Equitable ruling unsound - PO
A report suggesting Equitable Life policyholders should share no more than £500 million in compensation was branded "unsafe" and "unsound" by the Parliamentary Ombudsman.
Ann Abraham has written to MPs warning them that if the proposals set out in the report by former Appeal Court judge Sir John Chadwick are acted upon, they will not deliver fair and transparent compensation for people who lost money due to the problems at the society.
She warned Sir John's report misinterpreted central parts of the conclusions she had reached in her own report, while it ignored others, despite the fact that she had explained to him how she had reached them.
She said: "I find these flaws particularly concerning, providing as they do the basis for some of the central and more controversial proposals within the Chadwick report."
Ms Abraham added: "I thought it important to let Members know as soon as possible that the Chadwick proposals seem to me to be an unsafe and unsound basis on which to proceed."
Equitable Life policyholders expressed anger last week after Sir John suggested they should share only between £400 million and £500 million in compensation.
This was despite acknowledging that they had made relative losses of between £4 billion and £4.8 billion by investing their money with Equitable, rather than another life insurer.

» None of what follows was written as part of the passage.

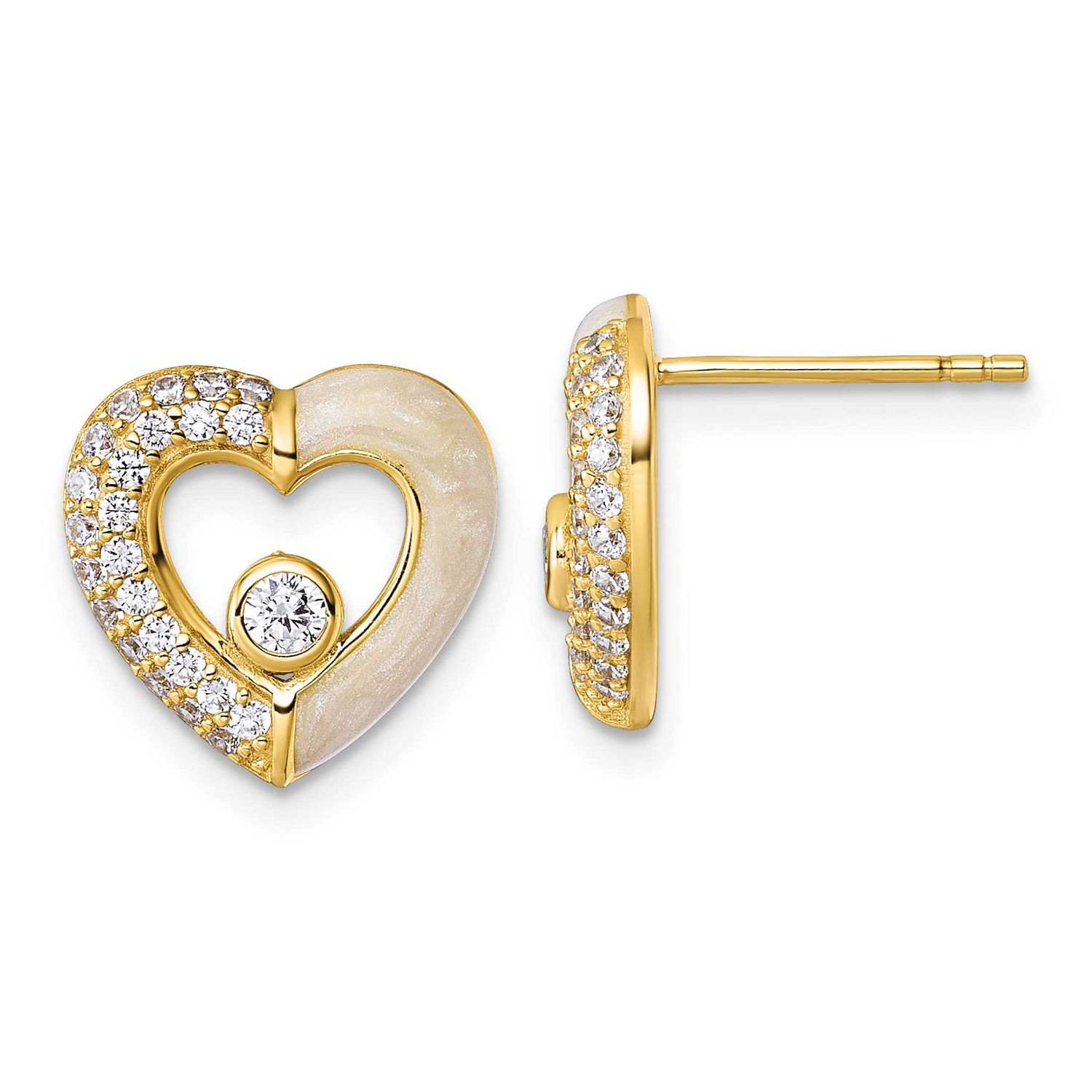 CZ Enamel Polished Heart Post Earrings Sterling Silver Gold-Tone, MPN: QG6957EGP, UPC: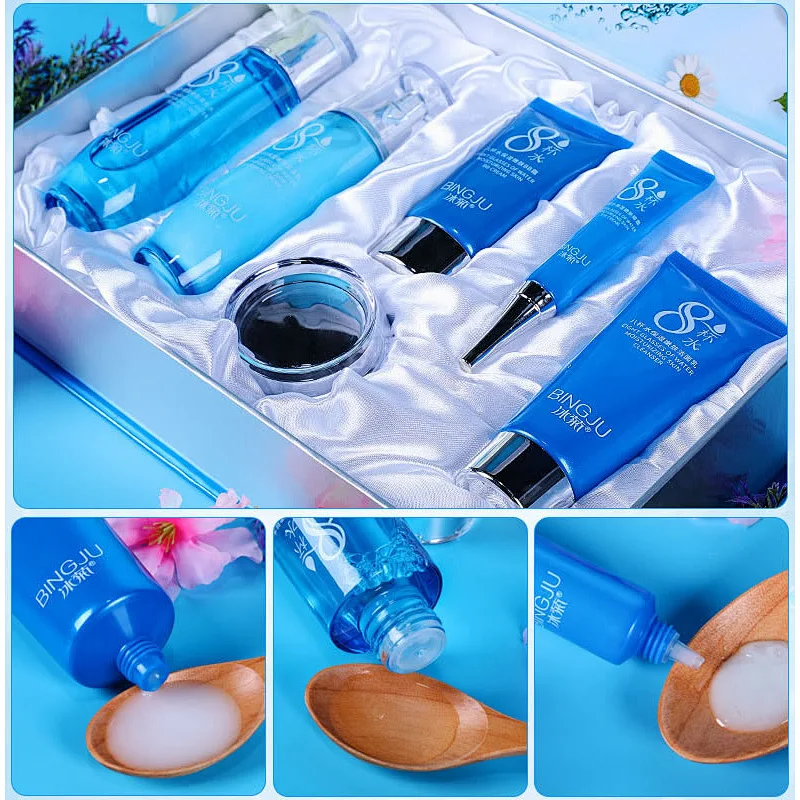 OEM private label moisturizer skin care set with 6 pcs for dry skin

He also estimated that they had seen the value of their policies fall by up to £3.7 billion as a result of the problems at Equitable.
But Ms Abraham said she did not think the approach used in the Chadwick report was even relevant any more, as his terms of reference were set by the previous government, which had rejected many of her findings.
As a result, she said using it would not enable the new Government to meet its commitment to implement her findings in full.
The Government will not say exactly how much compensation is to be shared out between the 1.5 million Equitable policyholders until this autumn's spending review.